In fact, both Blair and Ashdown have taken a considerable risk. By including the Liberal Democrats in formal discussions on constitutional reform - continuing in government talks which began in opposition - Blair knows he will alienate some in his party. There are senior and vociferous, though so far private, critics of this whole business. Furthermore, Blair now exposes himself to a high-profile walkout if he reneges on any key part of the reform agenda - the Lib Dems could "do a Heseltine". One day, that might be damaging.
Ashdown, by contrast, risks incorporation. One of the most striking and repetitive themes of the new administration is the way in which it reaches out, and pulls possible critics or opponents into its embrace. Outspoken business leaders; newspaper owners; vocal and popular leftists (like Tony Banks); pundits; all have been offered chats, access and sometimes jobs.

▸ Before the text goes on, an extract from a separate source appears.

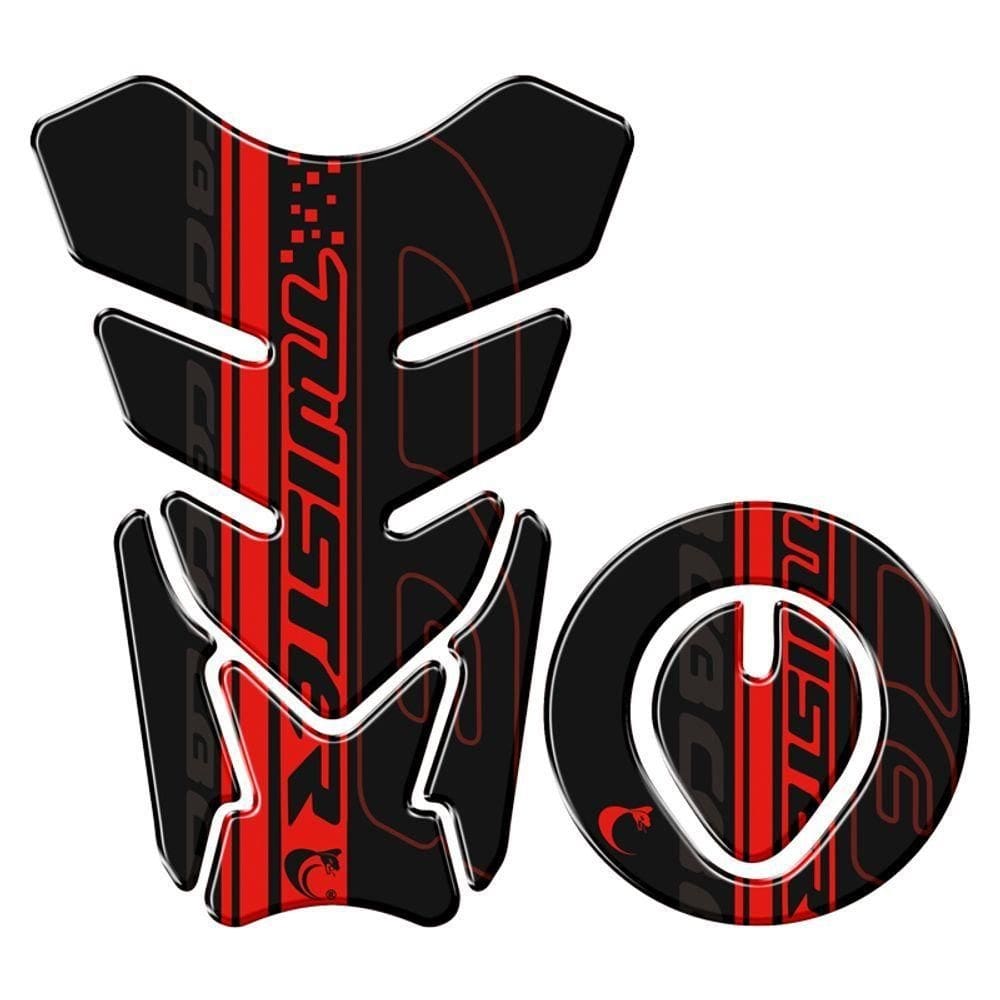 Protetor Tanque E Bocal Adesivo Moto Honda Twister Ano Até 2017 Vermelho Cor Vermelho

Is this soft, dissent-calming embrace simply being extended to the Liberal Democrats, as the main non-Labour voice of radicalism, in order to defuse a possible source of embarrassing parliamentary opposition? Is it all about lulling them to sleep? Lib-Dem critics will say yes, of course; Mr Ashdown will be under pressure to demonstrate that his party is as wide-awake as ever, by encouraging it to attack Labour fiercely where the two do not agree.
These risks are hardly lessened by the fact that the two parties are going to be talking about policies they may quarrel over. Once the parties get down to the nitty-gritty of the membership and agenda for the commission on electoral reform, for instance, there is ample room for serious disagreement. Ditto Scotland, Lords reform and the Bill of Rights.
So why, given the risks, did the Siberian compact happen at all? Blair didn't have to do this. Ashdown has no pressing need to get into a row with some of his more traditional MPs and party officials.
One hesitates to say this. As a hack one is pre-programmed not even to think it. But one is driven to the inescapable conclusion that Blair and Ashdown meant, all along, exactly what they said; that their rhetoric about pluralism and a new style of British politics is sincere; and that they are long-term politicians in every sense.
That does not mean that cold political advantage is irrelevant. Far from it. Unless this is a false Siberian dawn (which I doubt), it is another stage in a reshaping of politics which is hugely in Blair's interests and in the interests of the reformist, pro-European and liberal politics which Ashdown also represents. As Peter Mandelson said in his book The Blair Revolution, members of the two parties "want to right the same wrongs, to end the same injustices" and their remaining differences "are becoming increasingly blurred".
Now we have, as of yesterday, a situation where those members share what is effectively a common leadership on some of the main questions of the day. Today, the constitution; tomorrow, surely, Europe too.
Just think what that means for yesterday's ruling party. Already some moderate Conservatives are in near-despair about their leadership and medium-term prospects. If William Hague is naive enough to continue to push the anti-Brussels, anti-reform agenda very hard, he will find people peeling away. Some such private discussions have already begun.
At that point, an invulnerable-seeming alliance of moderate and pro-European politicians, running right across from the old Tory left to the old Labour centre would start to emerge under Blair's leadership. Unless they changed their tune, the Conservatives would be in danger of shrivelling to a dissenting faction - a party of splenetic commentators - and the traditional markers of party politics would blur.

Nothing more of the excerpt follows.